__What is needed__:
An exact copy of all records is expected, minus the images.

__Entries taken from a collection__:
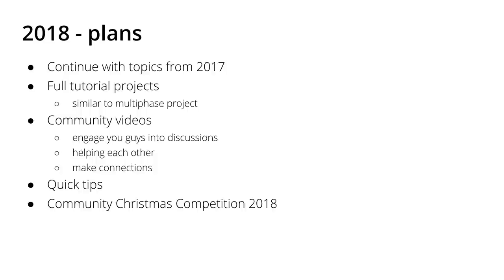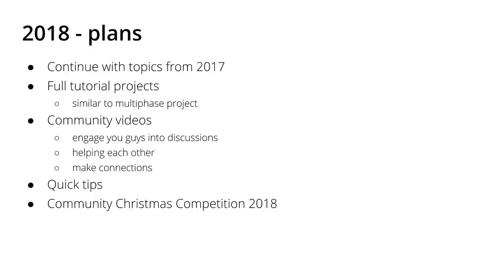Also I will continue uploading quick tips tutorials. Those are more or less the most popular videos amongst the ones that I uploaded to YouTube in 2017. And yes, there will be a community Christmas competition also in 2018, because the last one was fun. I loved it, I hope you enjoyed it also, so that's something to look forward to in the last couple of months of 2018.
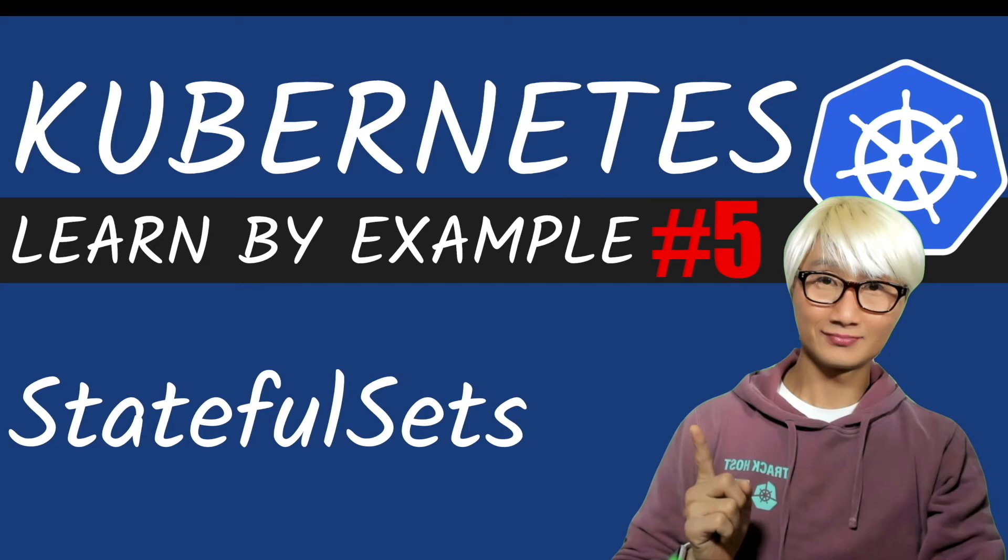Hi everybody, welcome back to another Lumbar example of Kubernetes. In this example, we're going to learn about StatefulSet. Specifically, you're going to run your application on Kubernetes with a stable status.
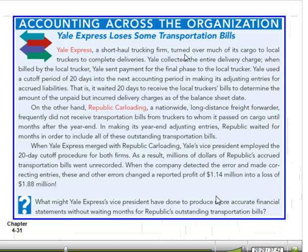Here's a discussion item about a company that had a policy with a 20-day cutoff period, while another firm had a much longer cutoff period before making adjusting entries. Once they combined, they used a 20-day cutoff for both firms but hadn't fixed procedures at both companies. When the company detected the error and made correcting entries, these and other errors changed a reported profit of $1.4 million into a loss of $1.88 million. The whole issue of timing and making accounting accurate is harder than most people perceive.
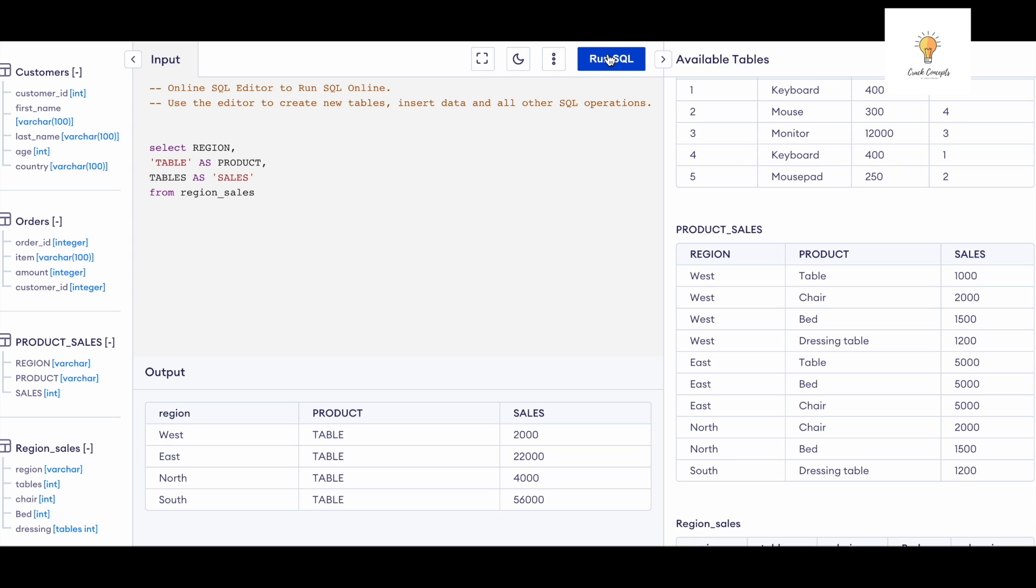And I will run this. This is the first part of the output. We have the region which has West, East, North, South, and product 'table.' So these are the values only for product 'table' and these are the various sales fields.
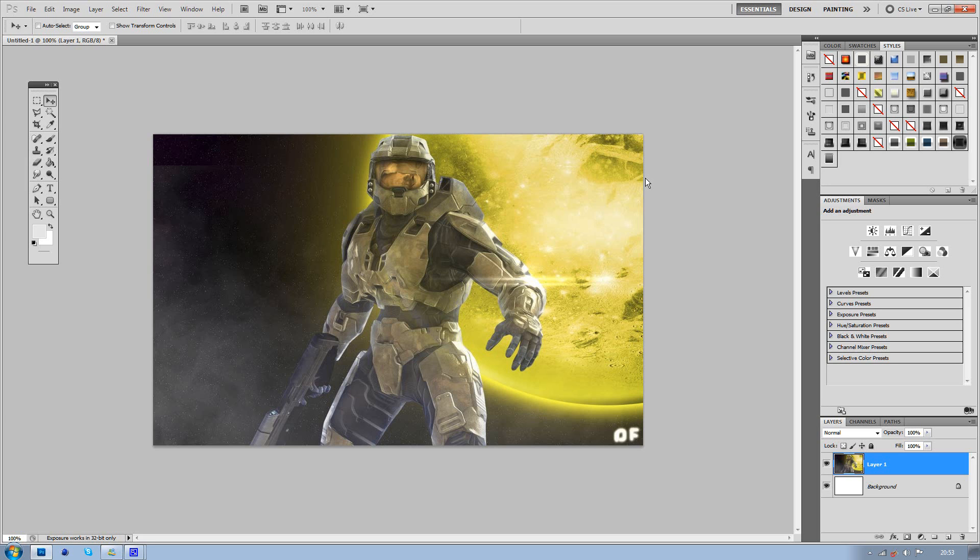And as you can see on this already, you've got the yellows in the background here, but there's no yellow on Master Chief, so you get that kind of error with a lot of photo manipulations.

__Written reply__:
Also I will continue uploading quick tips tutorials. Those are more or less the most popular videos amongst the ones that I uploaded to YouTube in 2017. And yes, there will be a community Christmas competition also in 2018, because the last one was fun. I loved it, I hope you enjoyed it also, so that's something to look forward to in the last couple of months of 2018.
Hi everybody, welcome back to another Lumbar example of Kubernetes. In this example, we're going to learn about StatefulSet. Specifically, you're going to run your application on Kubernetes with a stable status.
Here's a discussion item about a company that had a policy with a 20-day cutoff period, while another firm had a much longer cutoff period before making adjusting entries. Once they combined, they used a 20-day cutoff for both firms but hadn't fixed procedures at both companies. When the company detected the error and made correcting entries, these and other errors changed a reported profit of $1.4 million into a loss of $1.88 million. The whole issue of timing and making accounting accurate is harder than most people perceive.
And I will run this. This is the first part of the output. We have the region which has West, East, North, South, and product 'table.' So these are the values only for product 'table' and these are the various sales fields.
And as you can see on this already, you've got the yellows in the background here, but there's no yellow on Master Chief, so you get that kind of error with a lot of photo manipulations.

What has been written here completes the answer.